From their definitions, $c>0, \delta>0, \lambda>0$ always. When $B<(L+H)/2$ as assumed by the theorem, by definition $n=1$. The proof does not require more precision that this. (For the proof of the lower bound when $B>(L+H)/2$, $n=-1$).

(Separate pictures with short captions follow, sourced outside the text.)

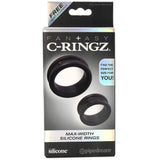 Max-Width Silicone Cock Rings in Black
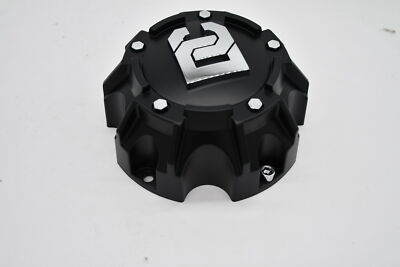 Dick Cepek Blackout 5 Lug DC Logo Matte Black Wheel Center Cap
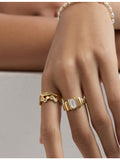 Astley Clarke mother of pearl ring 4.5mm - British product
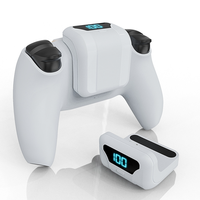 Batterie Externe Rechargeable de Secours avec LED 1500 mAh pour PlayStation 5, Bloc-pile pour Manette PS5, Power Bank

To simplify notation, I make this variable substitution:

$z = \delta( \Phi^{-1}(p) + n c)$

yielding

$Q_B(z) = l + (u-l) \Phi\left( \xi+ \lambda \sinh( z ) \right)$

and

${{\partial Q_B(p)}\over{\partial p}} = {{\partial Q_B(z)}\over{\partial z}} {{\partial z}\over{\partial p}} = {{\partial Q_B(z)}\over{\partial z}} \sqrt{2\pi} \delta e^{{1\over 2} \Phi^{-1}(p)^2 } = {{\partial Q_B(z)}\over{\partial z}} \sqrt{2\pi} \delta e^{{1\over 2}(z/\delta - n c)^2}$

where $x\rarr u$ corresponds to $p\rarr 1$ and $z \rarr \infty$, so

$\lim_{p->1} {{\partial Q_B(p)}\over{\partial p}} = \lim_{z\rarr \infty} \sqrt{2\pi} \delta e^{{1\over 2} (z/\delta - n c)^2} {{\partial Q_B(z)}\over{\partial z}}$

and

$\lim_{p->} {{\partial Q_B(p)}\over{\partial p}} = \lim_{z\rarr \infty} \sqrt{2\pi} \delta e^{{1\over 2}(z/\delta - n c)^2} {{\partial Q_B(z)}\over{\partial z}}$

and we need to show that these approach 0.

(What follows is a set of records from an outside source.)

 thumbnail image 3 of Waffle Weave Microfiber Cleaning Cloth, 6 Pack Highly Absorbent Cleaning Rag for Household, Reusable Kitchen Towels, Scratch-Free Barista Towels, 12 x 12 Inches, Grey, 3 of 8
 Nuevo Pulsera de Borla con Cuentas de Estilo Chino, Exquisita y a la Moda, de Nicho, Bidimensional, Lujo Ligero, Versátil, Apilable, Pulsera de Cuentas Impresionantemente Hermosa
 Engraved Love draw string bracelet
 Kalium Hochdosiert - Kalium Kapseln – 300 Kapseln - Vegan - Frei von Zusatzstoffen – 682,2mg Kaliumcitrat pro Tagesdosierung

Take the derivative (I used Wolfram Alpha's online derivative calculator):

${{\partial Q_B(z)}\over{\partial z}} = {{(u-l) \lambda}\over{2 \sqrt{2 \pi}}} \left( e^z + e^{-z} \right) e^{-{1\over 2} \left( {1\over 2} \lambda \left(e^z - e^{-z}\right) + \xi\right)^2}$

Expand the limit

$\begin{array}{rcl} \lim_{p\rarr 1} {{\partial Q_B(p)}\over{\partial p}} &=& \lim_{z\rarr \infty} \sqrt{2\pi} \delta e^{{1\over 2}(z/\delta- n c)^2} {{\partial Q_B(z)}\over{\partial z}} \\ &=& \lim_{z\rarr \infty} \sqrt{2\pi} \delta e^{{1\over 2}(z/\delta - n c)^2} {{(u-l) \lambda}\over{2 \sqrt{2 \pi}}} \left( e^z + e^{-z} \right) e^{-{1\over 2} \left( {1\over 2} \lambda \left(e^z - e^{-z}\right) + \xi\right)^2} \\ &=& {1\over 2} (u-l)\delta \lambda \left( \lim_{z\rarr \infty} e^z + e^{-z} \right) \left( \lim_{z\rarr \infty} e^{{1\over 2} (z/\delta- n c)^2} \right) \left( \lim_{z\rarr \infty} e^{-{1\over 2} \left( {1\over 2} \lambda \left( e^z - e^{-z}\right) + \xi\right)^2} \right) \\ &=& {1\over 2} (u-l)\delta \lambda \left( \lim_{z\rarr \infty} e^z \right) \left( \lim_{z\rarr \infty} e^{{1\over 2} \delta^{-2} z^2} \right) \left( \lim_{z\rarr \infty} e^{-{1\over 4} \lambda^2 {e^z}^2} \right) \\ &=& {1\over 2} (u-l)\delta \lambda \lim_{z\rarr \infty} e^z e^{{1\over 2} \delta^{-2} z^2} e^{-{1\over 4} \lambda^2 e^{z^2}} \\ &=& 0 \end{array}$

Last line follows because the $e^{-{1\over4} \lambda^2 e^{z^2}}$ term goes to zero and dominates both $e^z$ and $e^{{1\over 2}\delta^{-2} z^2}$.

Note: I did not use the fact that $n=1$, so the same proof works for $z \rarr -\infty$, which if correct would mean that the cowlick appears on both bounds always. However, this is not what I observe. So something is not quite right yet.